Aim of the task:
The lines to reproduce from the material below are those from the one containing "X0000073900853200609082146" through the one containing "Load image into", both included; write them out exactly and add nothing.

Exercise material:
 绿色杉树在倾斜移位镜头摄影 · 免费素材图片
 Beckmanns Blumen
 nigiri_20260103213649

* * *

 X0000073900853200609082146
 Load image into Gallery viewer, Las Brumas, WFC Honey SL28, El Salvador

Response area:
 X0000073900853200609082146
 Load image into Gallery viewer, Las Brumas, WFC Honey SL28, El Salvador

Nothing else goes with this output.